Chavez took third on a wild pitch, but it looked like he might be stuck there when Dan Johnson rolled out to Pedroia against a drawn-in infield. But Shannon Stewart walked and Jack Cust, whose 15 minutes of fame seems about to expire (8 homers in his first 13 games, .154 his last 10), hit Wakefield's first pitch into the right-field corner for a double. Bobby Crosby then singled home two more runs.

"I had Crosby 1-and-2, tried to throw him a hard one and bury it in the dirt, but I left it up and that was the end of it," Wakefield said.

Those were the only runs allowed by Wakefield, who was coming off four stinkers (1-3, 9.13 ERA) but last night struck out eight in 6 2/3 innings.

The Sox, however, could do little with Kennedy, who continued a remarkable string of performances by Athletics starting pitchers. In nine games on their homestand, Athletics starters are 6-1 with a 1.29 ERA.

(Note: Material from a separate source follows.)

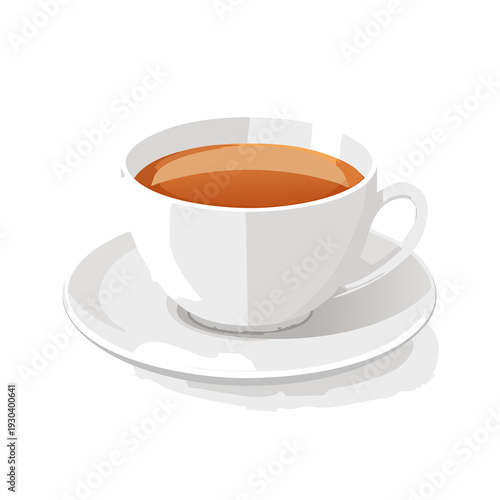 Warm cup of tea on a white saucer placed on a plain surface at midday in a simple kitchen setting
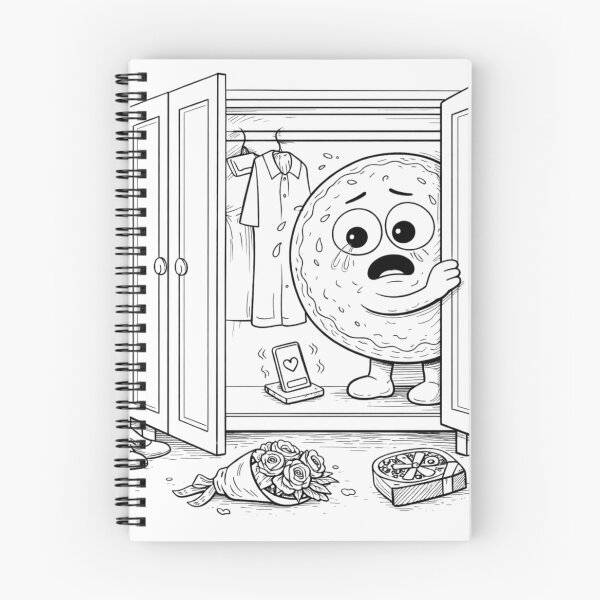Item preview, Waiting for a Message” Sad Donut Cartoon – Dating Anxiety, Ghosting Humor Line Art designed and sold by ComedyInkFactor.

The Sox, held to three singles Tuesday night, managed just four singles through six innings last night. They finally broke through in the seventh, when Manny Ramírez doubled and Youkilis tripled him home. Wily Mo Peña's infield out scored Youkilis with the second run.

But Oakland manager Bob Geren, who cut his teeth in the Sox system, made skillful use of his bullpen the rest of the night. Ortiz blooped a two-out single off lefthander Jay Marshall in the eighth, but Casilla, just called up Sunday, retired Ramirez on a flyball.

Casilla, who was the winning pitcher in Monday's 5-4, 11-inning A's win, then set down the side in the ninth, but not before walking Drew with two outs. Jason Varitek grabbed a bat and pinch hit, but he flied out to end it.